--- START ---

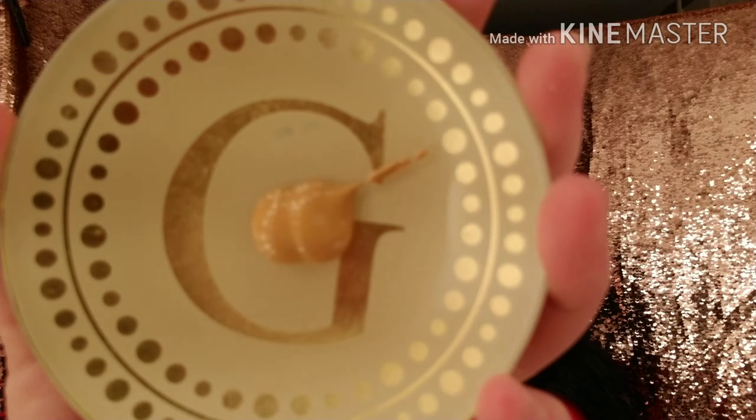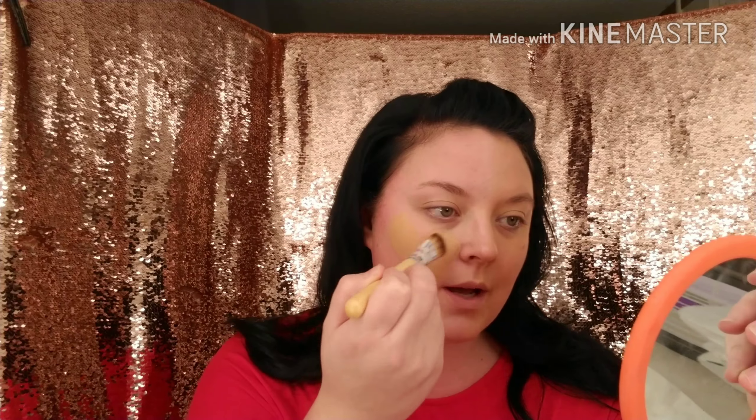It goes on pretty easily with the sponge, but I feel like a lot of it soaked right into the sponge — maybe try it with a brush. So I went ahead and wiped off one side of my face with a makeup wipe and I'm going to try it out with a foundation brush just to see if it goes on any smoother. I wasn't really happy with the sponge application. You can tell the foundation is really thick — it's not very runny — but I'm going to try it with the brush and see what kind of coverage I get.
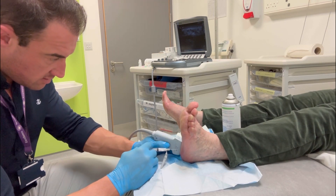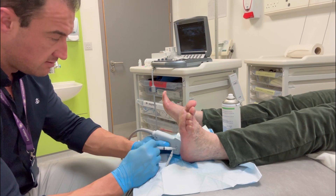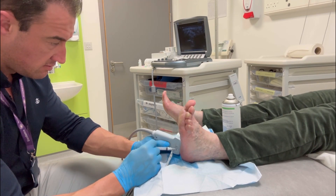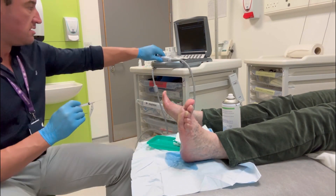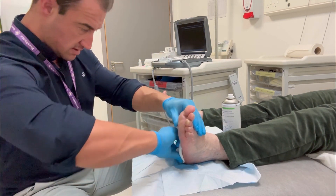We're utilizing the ultrasound for accurate needle placement, and you can see on the ultrasound scan that the needle is at the area of maximum thickness of the plantar fascia. Thank you for viewing — if you have any questions, please ask.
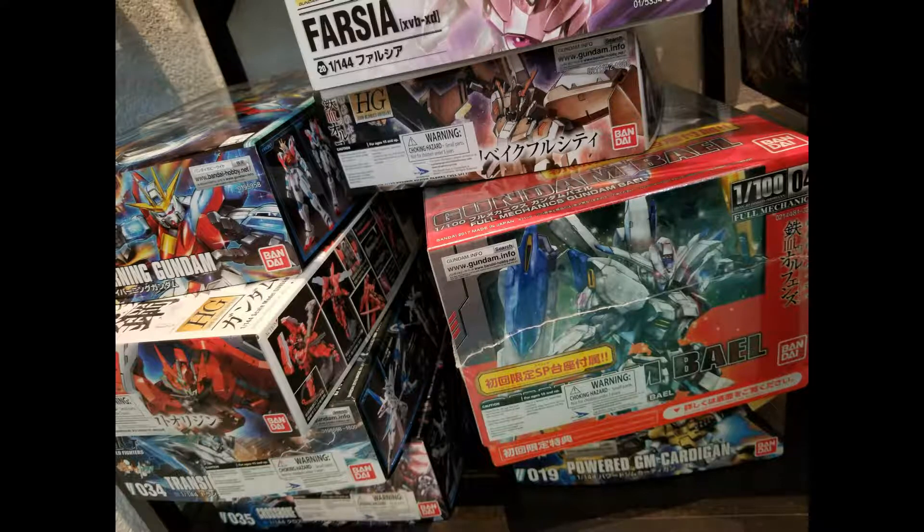Alright, hello everybody, it's Beau Hyndman with a quick video. I'm just going to show you what I do with my extra box tops. These are the boxes here that you're seeing that you might have a whole bunch of.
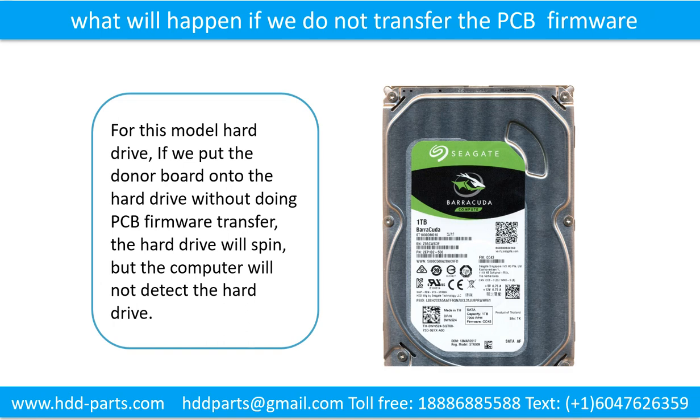What will happen if we do not do the printed circuit board firmware transfer? For this model hard drive, if we put the donor board onto the hard drive without doing the PCB firmware transfer, the hard drive will spin, but the computer cannot detect the hard drive.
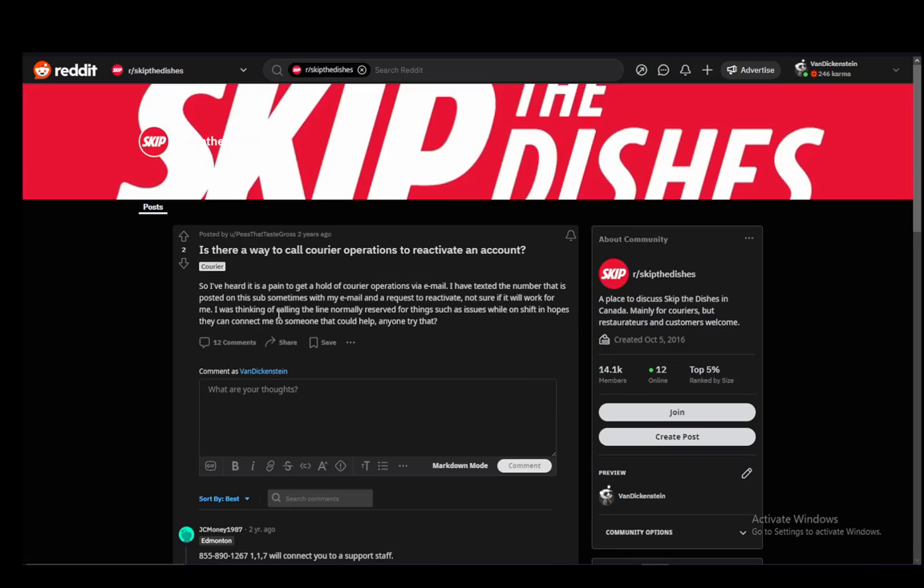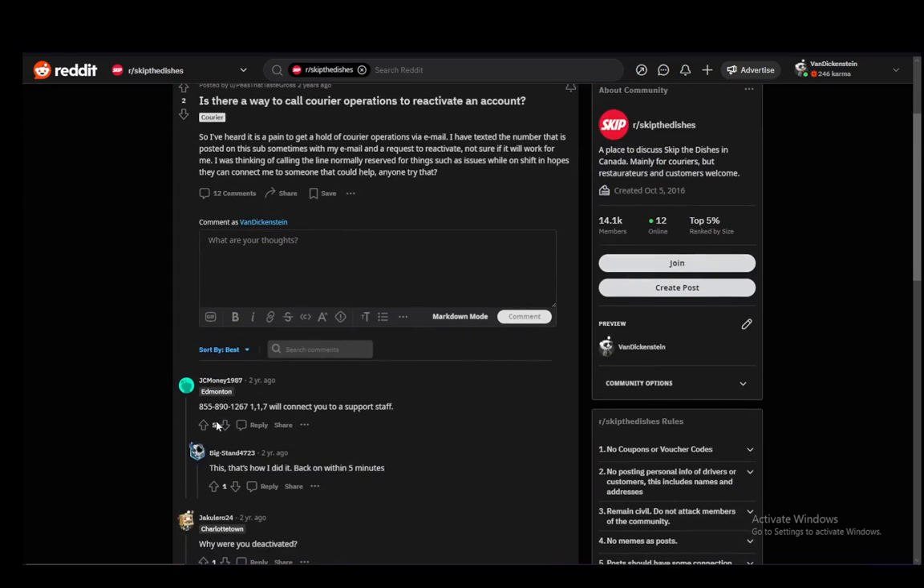As you can see, I'm using a Reddit article on this matter. This person made a post since they want to reactivate their account — they tried texting a number with their email and that didn't seem to work. So what this person from Edmonton said is just contact this number, which is 855-890-1267, and just after that dial 1, then 1, then 7. That will connect you to support staff. And this person right below them confirmed that once they did this, it was back on within 5 minutes.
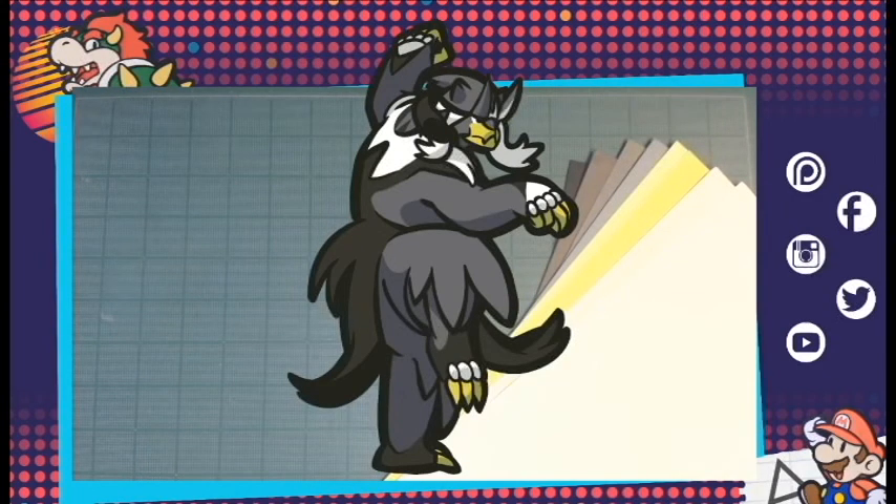Hey, this is AJ from Paper J Designs. Today I'm going to be working on Urshifu, which is one of his two forms that you can get in the upcoming Pokémon Sword and Pokémon Shield DLC for the Nintendo Switch. I'm going to show you the paper cutout process side of my work.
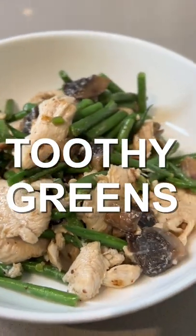Juicy chicken, toothy greens, and a delicious sauce. It's my green bean chicken stir fry.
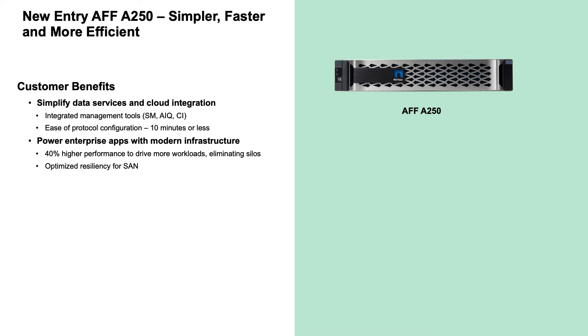While the A250 supports the standard NetApp SAN and NAS unified protocols, the A250 takes advantage of some key ONTAP 9.8 enhancements that improve SAN resiliency. Besides supporting end-to-end NVMe over Fibre Channel using the 32-gigabit Fibre Channel adapter, the A250 also supports the All-SAN Array, or ASA, configurations.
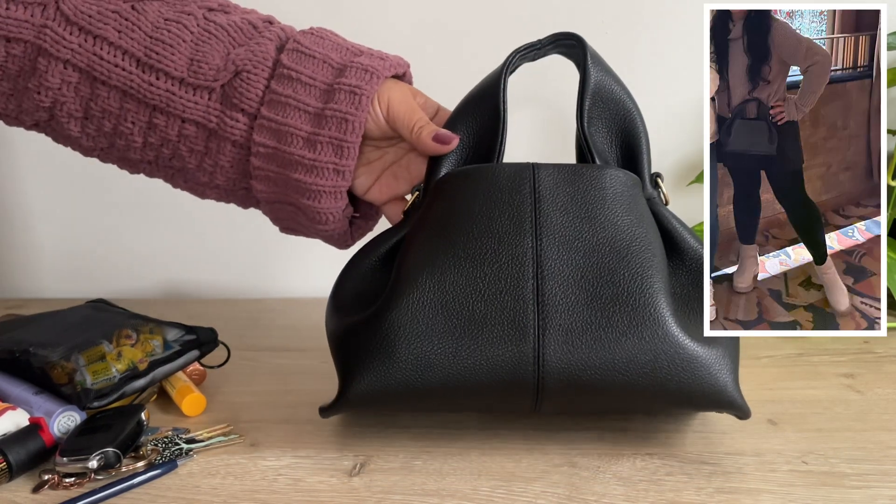Do you guys have this bag? And if you do, how's yours holding up? I bring this with me for travel and I love it because it's so hard to get into — I think this would be a great bag to prevent pickpocketers. You just have to play Tetris with this bag. I just like to throw my things in here. My iPhone 12 mini fits like a glove.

--- END ---

== ACTION ITEM ==
Word for word, restate all of the data, but do not copy the pictures.

== ANSWER TO THIS PROBLEM ==
It goes on pretty easily with the sponge, but I feel like a lot of it soaked right into the sponge — maybe try it with a brush. So I went ahead and wiped off one side of my face with a makeup wipe and I'm going to try it out with a foundation brush just to see if it goes on any smoother. I wasn't really happy with the sponge application. You can tell the foundation is really thick — it's not very runny — but I'm going to try it with the brush and see what kind of coverage I get.
We're utilizing the ultrasound for accurate needle placement, and you can see on the ultrasound scan that the needle is at the area of maximum thickness of the plantar fascia. Thank you for viewing — if you have any questions, please ask.
Alright, hello everybody, it's Beau Hyndman with a quick video. I'm just going to show you what I do with my extra box tops. These are the boxes here that you're seeing that you might have a whole bunch of.
What will happen if we do not do the printed circuit board firmware transfer? For this model hard drive, if we put the donor board onto the hard drive without doing the PCB firmware transfer, the hard drive will spin, but the computer cannot detect the hard drive.
As you can see, I'm using a Reddit article on this matter. This person made a post since they want to reactivate their account — they tried texting a number with their email and that didn't seem to work. So what this person from Edmonton said is just contact this number, which is 855-890-1267, and just after that dial 1, then 1, then 7. That will connect you to support staff. And this person right below them confirmed that once they did this, it was back on within 5 minutes.
Hey, this is AJ from Paper J Designs. Today I'm going to be working on Urshifu, which is one of his two forms that you can get in the upcoming Pokémon Sword and Pokémon Shield DLC for the Nintendo Switch. I'm going to show you the paper cutout process side of my work.
Juicy chicken, toothy greens, and a delicious sauce. It's my green bean chicken stir fry.
While the A250 supports the standard NetApp SAN and NAS unified protocols, the A250 takes advantage of some key ONTAP 9.8 enhancements that improve SAN resiliency. Besides supporting end-to-end NVMe over Fibre Channel using the 32-gigabit Fibre Channel adapter, the A250 also supports the All-SAN Array, or ASA, configurations.
Do you guys have this bag? And if you do, how's yours holding up? I bring this with me for travel and I love it because it's so hard to get into — I think this would be a great bag to prevent pickpocketers. You just have to play Tetris with this bag. I just like to throw my things in here. My iPhone 12 mini fits like a glove.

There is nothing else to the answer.